Information supplied:
▶
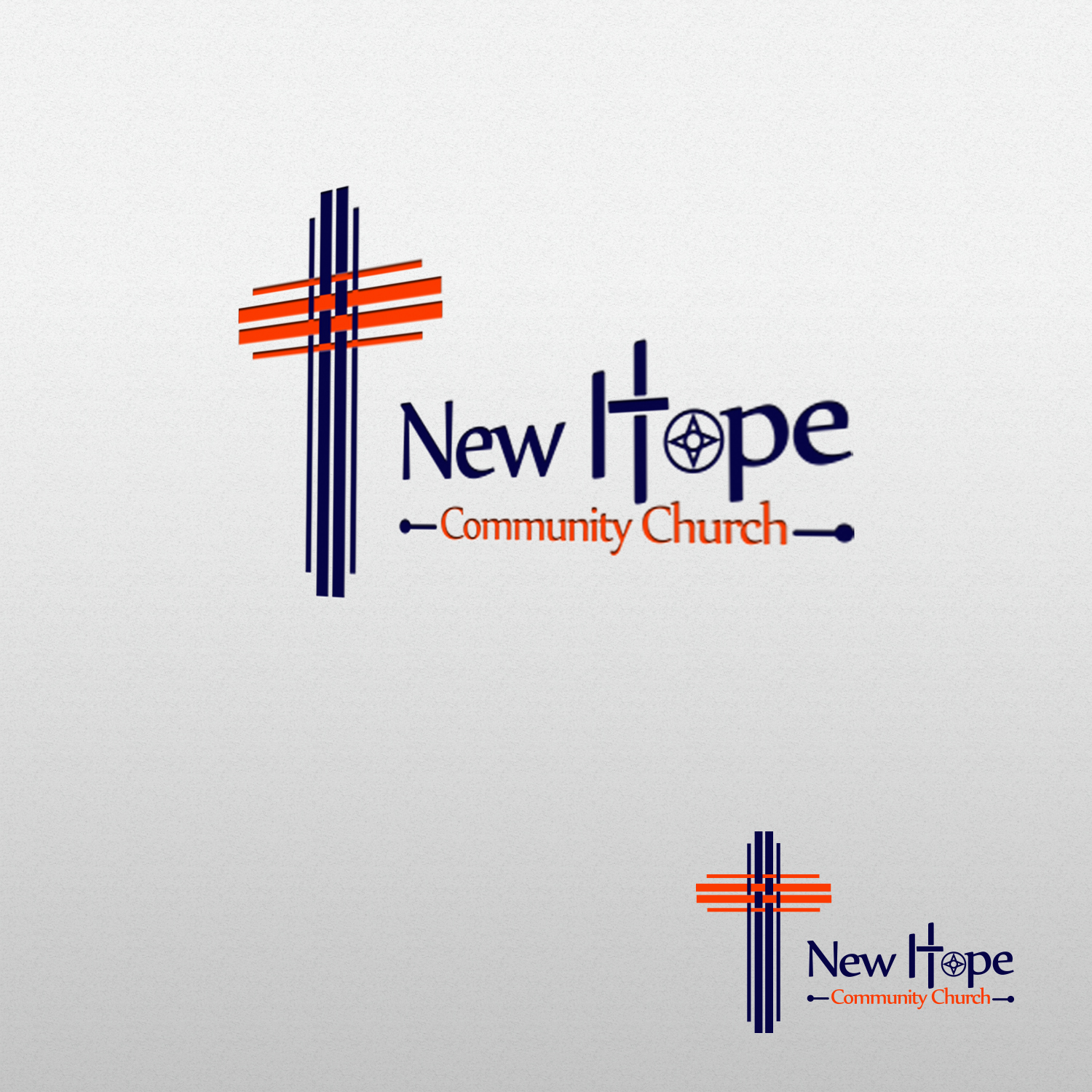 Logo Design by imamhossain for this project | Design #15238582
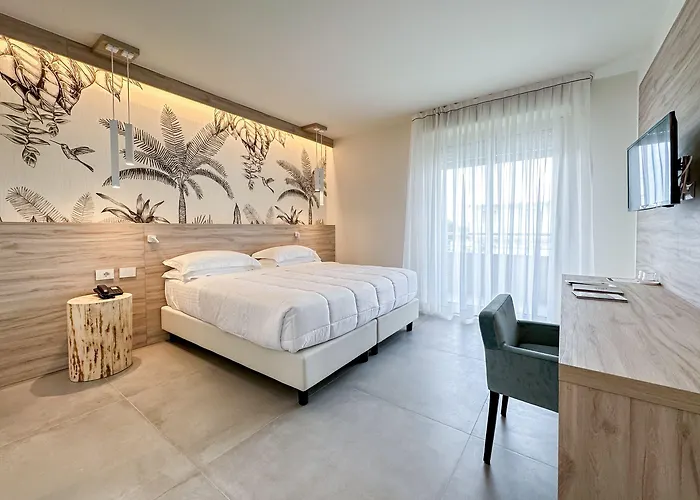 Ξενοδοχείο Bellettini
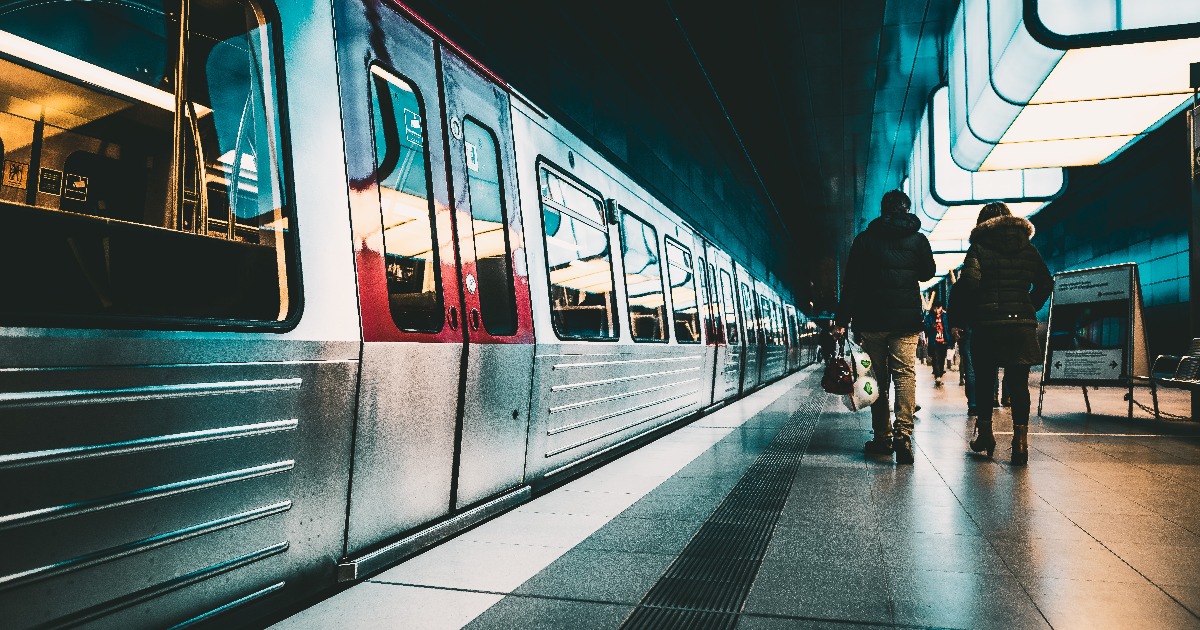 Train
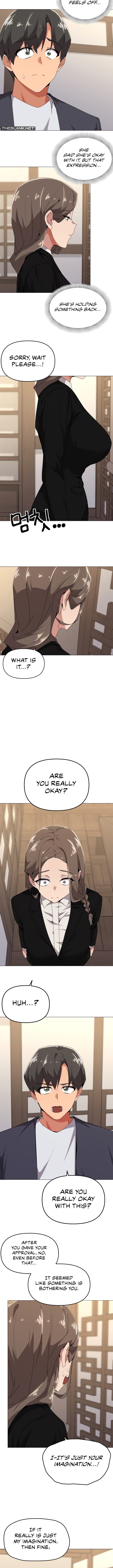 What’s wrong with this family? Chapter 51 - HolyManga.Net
◀
Repeat the whole of the material above exactly, but keep the pictures out.

Expected answer:
 Logo Design by imamhossain for this project | Design #15238582
 Ξενοδοχείο Bellettini
 Train
 What’s wrong with this family? Chapter 51 - HolyManga.Net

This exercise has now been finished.